# How to replace a freeze plug on 8N



## Alex Dula (May 17, 2020)

Hi, I am leaking radiator fluid behind the starter. Is this maybe a leaking freeze plug? If so has anyone replaced the plug?
Thanks, Alex


----------



## pogobill (Jan 31, 2012)

Welcome to the forum. There are a few videos that will help explain the process and point out a few issues like plug size. Type "ford 8n freeze plug replacement" in your browser and you will find a few to walk you through.


----------



## Alex Dula (May 17, 2020)

pogobill said:


> Welcome to the forum. There are a few videos that will help explain the process and point out a few issues like plug size. Type "ford 8n freeze plug replacement" in your browser and you will find a few to walk you through.


Well


----------



## Alex Dula (May 17, 2020)

Well I removed the starter and the freeze plug behind the starter and it fell out. I put some gasket compound before I put it back.

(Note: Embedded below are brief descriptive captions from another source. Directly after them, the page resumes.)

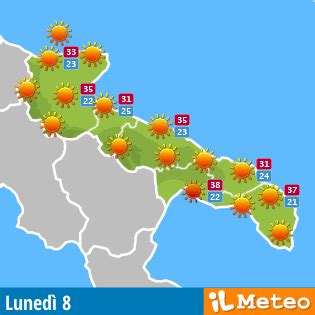 che tempo fa domani a surbo|Surbo, Puglia, Italia Previsioni meteo tre giorni 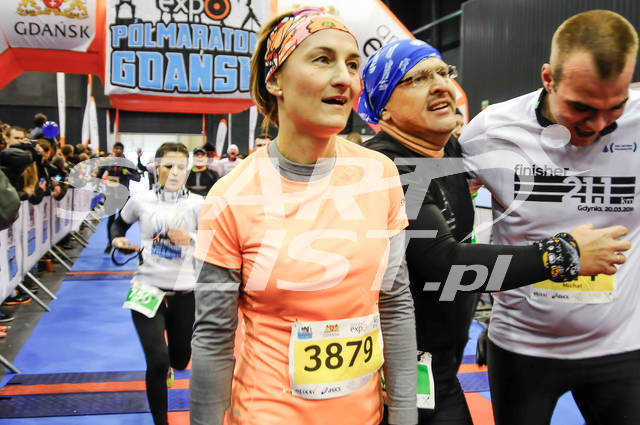 polmaratongdansk16-14792.jpg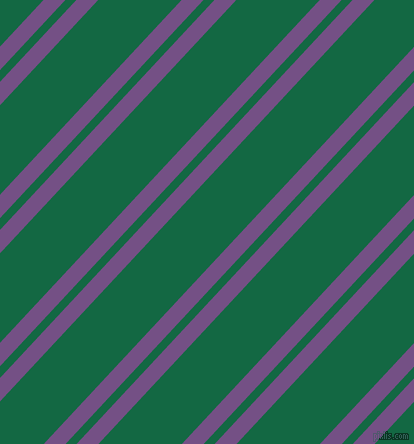 47 degree angles dual stripe lines, 16 pixel lines width, 8 and 61 pixels line spacing, Affair and Jewel dual two line striped seamless tileable
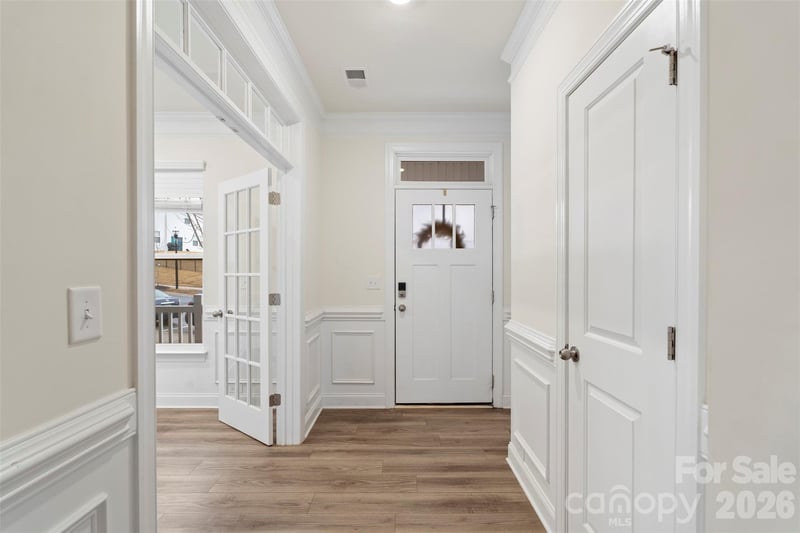 2109 Laurel Village Cir, Belmont, NC 28012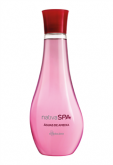 Nativa SPA Águas de Ameixa
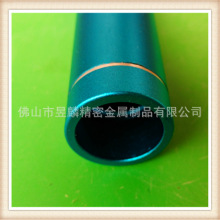6063 6061 ���| �A���X�Ͳ� ���D���Ӽӹ�̎��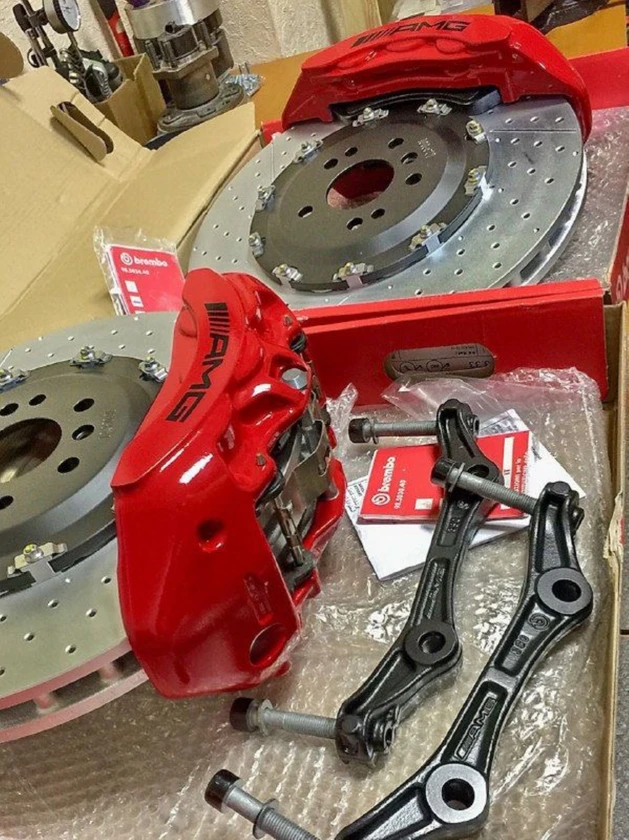 Featured phoenixaz content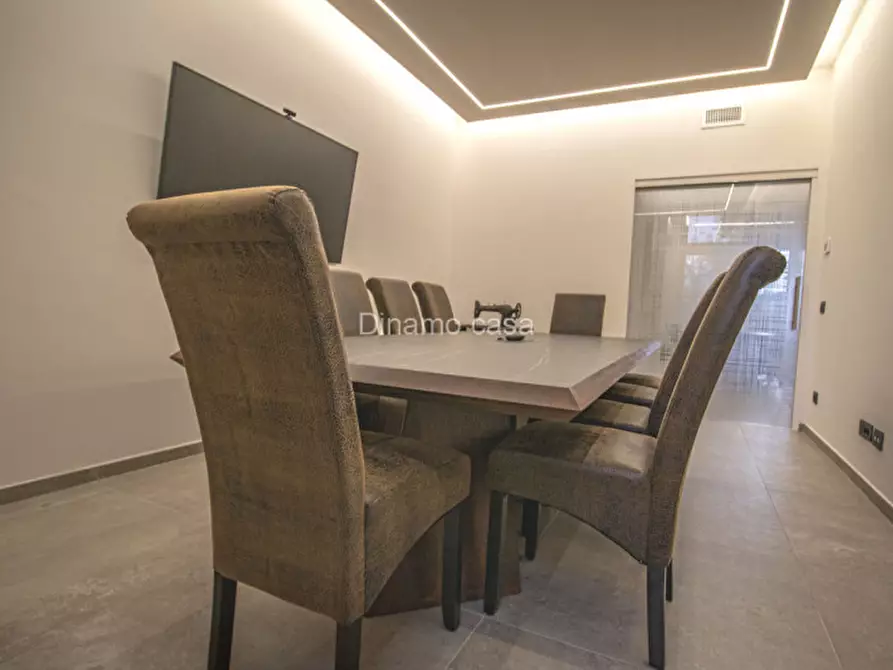 Immagine 16 di Negozio in affitto  in Via Traversa Pistoiese a Prato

I used a socket and 1/2" extension and pounded it in or so I thought. Filled it up with water and the next morning water was seeping out the freeze plug.
Removed the plug and pounded it in a lot harder. Filled it withe water and it did not leak the next day.
Put the starter back in and put anti-freeze and rust inhibitor and distilled water (we have hard water. Started it up and ran it for 30 minutes and it looks like the problem is fixed. 
Thanks,
Alex


----------